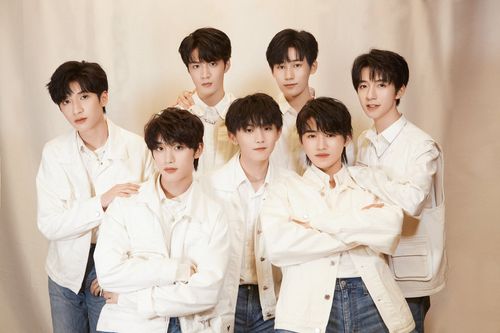 时代少年团图片"七个小朋友会一直一直在一起"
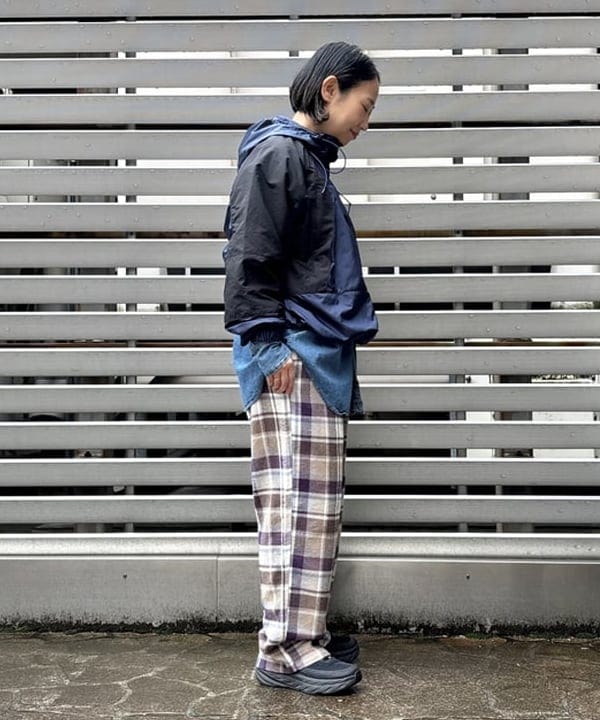 つぼさんの「BEAMS WOMEN｜【別注】THE NORTH FACE PURPLE LABEL / Mountain Wind Parka 25FW」を使ったコーディネート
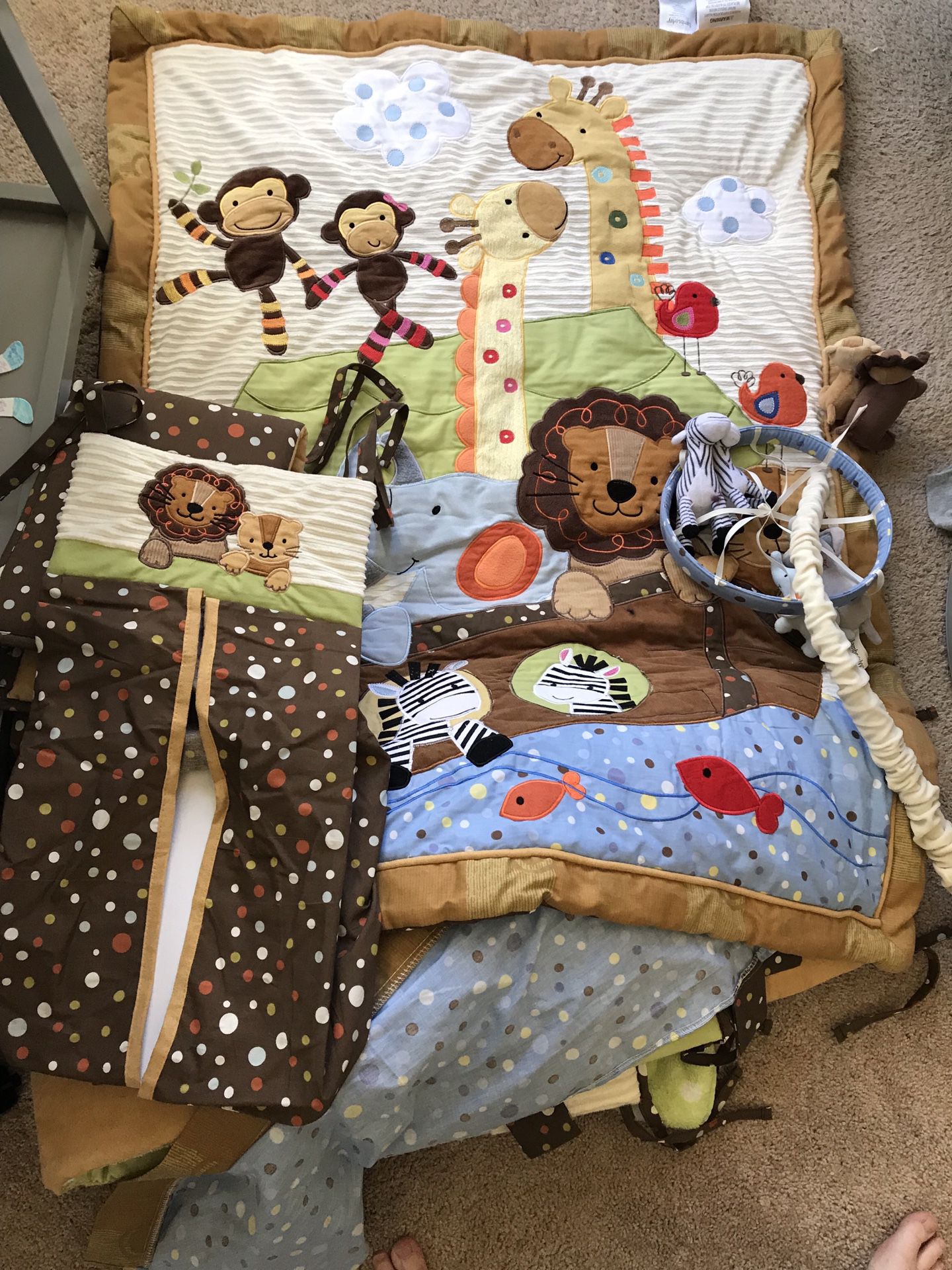 Baby Crib Bedding Comforter Mobil Set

TASK STATEMENT> All lines of the listing must be given again exactly, excluding the pictures.

SOLUTION FOR THIS PROBLEM>
 时代少年团图片"七个小朋友会一直一直在一起"
 つぼさんの「BEAMS WOMEN｜【別注】THE NORTH FACE PURPLE LABEL / Mountain Wind Parka 25FW」を使ったコーディネート
 Baby Crib Bedding Comforter Mobil Set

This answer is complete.